A Bergerac, le poireau sauvage qui pousse spontanément dans les vignes, on le vendait au marché, le mercredi et plus encore le samedi. Quand, très tôt dans la saison, la barragane faisait son apparition, on savait l’hiver quasiment fini. On mangeait la barragane en sauce vinaigrette: quel régal !
Presque toujours, celui ou celle qui vous vendait la barragane s’exprimait en occitan. Aujourd’hui, on a bien du mal à trouver qui vous en propose, à croire que barragane et occitan avaient partie liée et qu’ils ont disparu en même temps.
Je reviens à Valle-Inclan et à la Galice des pazos, grandes, vieilles et nobles demeures. Dans le pazo, la barragane est, ou était, la patronne. Patronne comme la dauna en Gascogne, comme chez nous, du côté de Sarlat, la maîtresse-servante. Je pense aux frères Tharaud, que personne plus ne lit. Mœurs et lecture d’un autre temps, me direz-vous. Oui, sans doute… Bref, la barragane est la concubine, en Galice, une concubine plus souvent respectée que vilipendée. Elle ne s’est pas mariée, elle ne peut engendrer que des bâtards, mais c’est elle qui garde les clés.
La barragane est à la femme mariée ce que la barragane est au poireau des jardins. Longtemps j’ai cru que ce mot bizarre était d’origine arabe. Il n’en est rien. Ce serait plutôt un mot d’origine germanique.

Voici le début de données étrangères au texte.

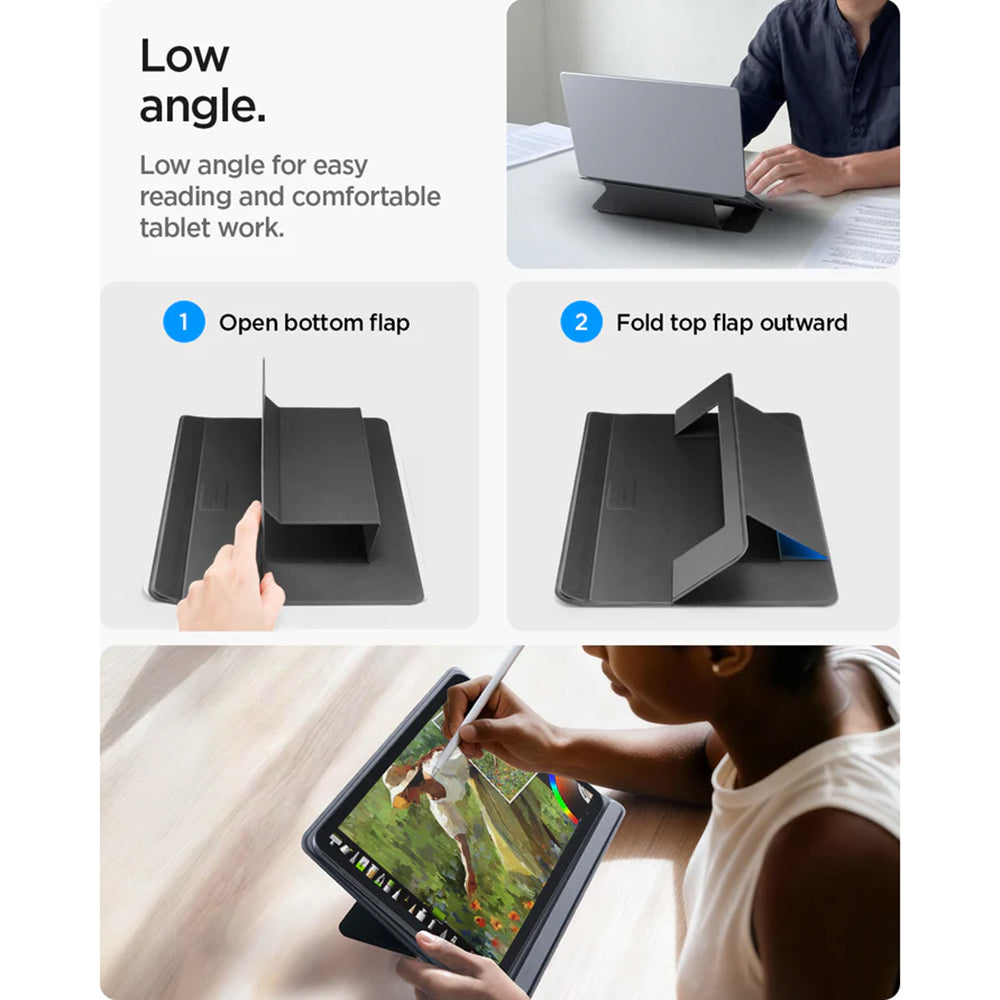 Spigen Slim Fold LD201-S7 állvány max. 14 hüvelykes laptophoz, fekete AMP11116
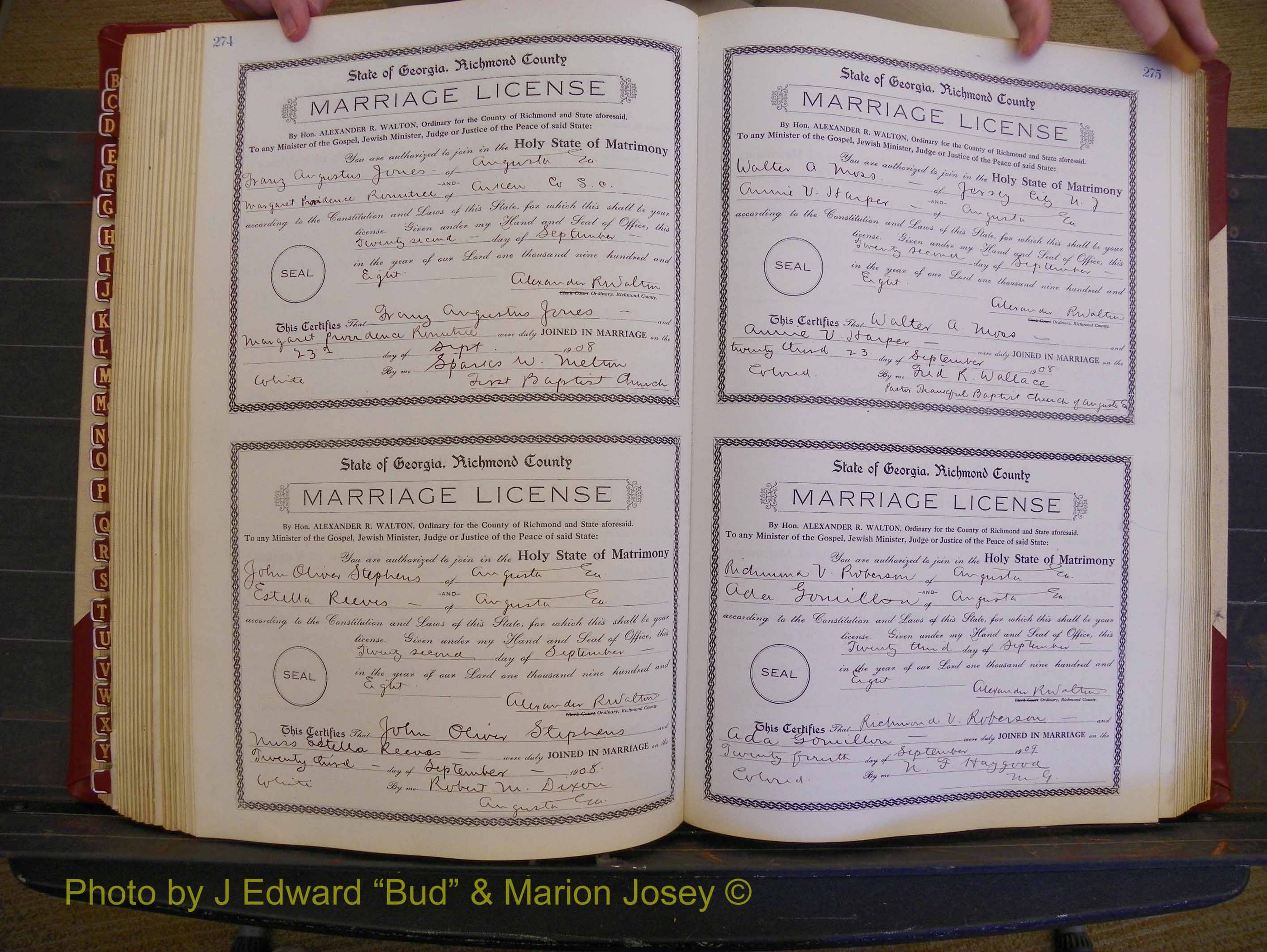 Richmond Marriages, Book EE, 1907-1909 P 274-275.JPG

Un mot oublié par les Suèves ou les Wisigoths sur les rivages aquitains.
Des barraganes ? Je vous souhaite bon appêtit.
Cingle
Ne cherchez pas dans votre dictionnaire, il n’y figure pas. C’est un de ces nombreux, très nombreux mots qui, on se demande pourquoi, sont entachés de «régionalisme». Ils ont beau être utilisés par quantité de locuteurs dans une bonne partie de la France, rien n’y fait: ils sont maudits.
Cingle vient du latin cingulum, qui veut dire ceinture. En Périgord, le cingle est une grosse couleuvre à propos de laquelle l’imagination populaire raconte des histoires peu crédibles. Cingulum a désigné aussi le chemin qui serpente au bord de la falaise. Toujours en Périgord, et à ma connaissance nulle part ailleurs, on a donné le nom de cingle aux falaises de la Granda aiga, autrement dit la Dordogne. Et récemment, me semble-t-il, probablement sous l’impulsion du sport et du tourisme, on en est venu à croire que les cingles sont non pas les falaises mais les méandres de la rivière.

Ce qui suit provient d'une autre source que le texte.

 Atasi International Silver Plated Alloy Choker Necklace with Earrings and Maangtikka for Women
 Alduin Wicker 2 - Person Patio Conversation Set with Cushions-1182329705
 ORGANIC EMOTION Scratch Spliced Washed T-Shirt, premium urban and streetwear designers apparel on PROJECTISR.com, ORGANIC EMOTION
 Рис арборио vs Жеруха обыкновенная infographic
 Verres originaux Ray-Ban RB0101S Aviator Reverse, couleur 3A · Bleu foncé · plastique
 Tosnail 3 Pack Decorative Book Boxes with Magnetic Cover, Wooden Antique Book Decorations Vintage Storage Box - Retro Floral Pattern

De ceinture à méandre, ce glissement de sens est impressionnant. Il nous prouve à tout le moins que les mots sont bien des êtres vivants.
Ventrêche
Je suis en Vénétie, sur le plateau d’Asiago, le Verdun austro-italien. Non, je ne vais pas vous parler de la guerre de quinze-dix-huit, mais plus prosaïquement de ventrêche. Un mot que tout le monde, dans la vaste Aquitaine, connaît et utilise.
Je suis de cuisine et j’ai besoin de ventrêche. Comment dit-on ventrêche en italien? Je consulte mon épais dictionnaire. Pas question de ventrêche, le mot n’est pas connu. A la charcuterie, aimablement, on s’efforce de m’entendre, on me montre ceci, on me montre cela, et je finis par voir la pièce convoitée. D’un geste je la désigne, et la charcutière, joyeusement, s’écrie: «Ventresca.»
Donc ventrêche, n’est pas français, ou plutôt ne l’est pas franchement. Ouvrez votre Petit Larousse Illustré, vous y trouverez ventre-saint-gris mais pas ventrêche. Ouvrez votre Grand Robert, vous y trouvez ventre-bleu mais pas ventrêche.
En italien, en catalan et en occitan nous avons ventresca, et en français du Sud nous avons ventrêche. L’absence de ce mot dans nos dictionnaires signifie qu’on le rejette parce qu’il n’est pas employé dans la moitié nord de la France. Mais alors, si vous vous trouvez dans la capitale et que vous avez besoin de ventrêche, comment vous ferez-vous comprendre?